Regularized Training and Tight Certification for Randomized Smoothed Classifier with Provable Robustness
This work addresses the challenge of enhancing certified adversarial robustness for deep learning models, providing incremental improvements to existing smoothing-based defenses.
The paper tackles the problem of training base classifiers for Gaussian-smoothed neural networks to improve both accuracy and robustness, and introduces a regularized training method and a tighter certification algorithm that achieve state-of-the-art probabilistic robustness guarantees on CIFAR-10 and ImageNet datasets.
Recently smoothing deep neural network based classifiers via isotropic Gaussian perturbation is shown to be an effective and scalable way to provide state-of-the-art probabilistic robustness guarantee against $\ell_2$ norm bounded adversarial perturbations.

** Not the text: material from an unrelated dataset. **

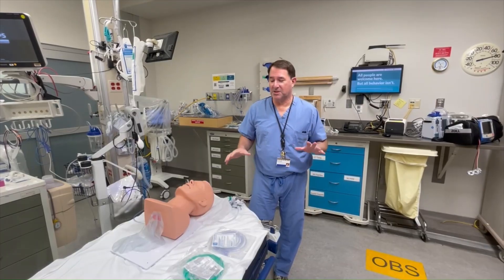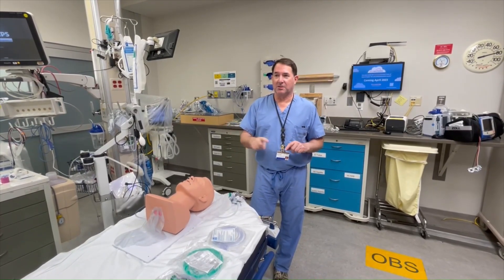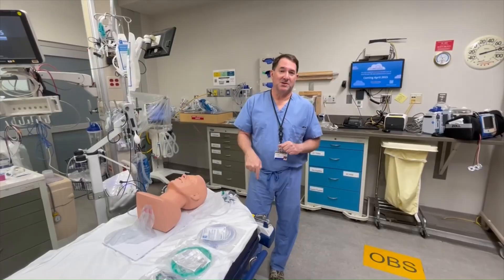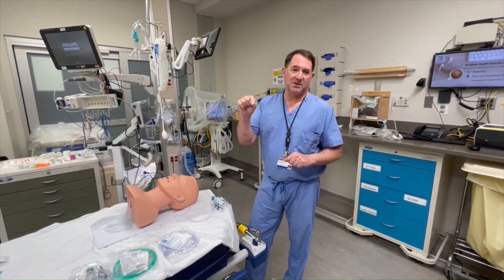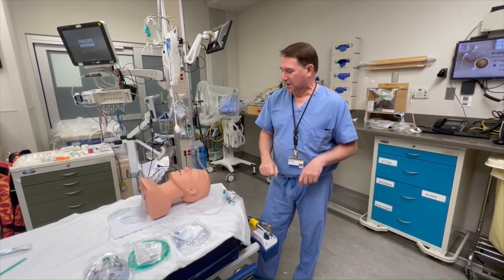Hey, Kevin with emergency medicine. I'm here to talk about apneic oxygenation, no-DSAT, or pre-oxygenation prior to intubation — whatever you want to call it. This is for the adult emergency department. This is our protocol, our habit, this is how we do things.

However, how to train a good base classifier that is accurate and robust when smoothed has not been fully investigated. In this work, we derive a new regularized risk, in which the regularizer can adaptively encourage the accuracy and robustness of the smoothed counterpart when training the base classifier. It is computationally efficient and can be implemented in parallel with other empirical defense methods. We discuss how to implement it under both standard (non-adversarial) and adversarial training scheme. At the same time, we also design a new certification algorithm, which can leverage the regularization effect to provide tighter robustness lower bound that holds with high probability. Our extensive experimentation demonstrates the effectiveness of the proposed training and certification approaches on CIFAR-10 and ImageNet datasets.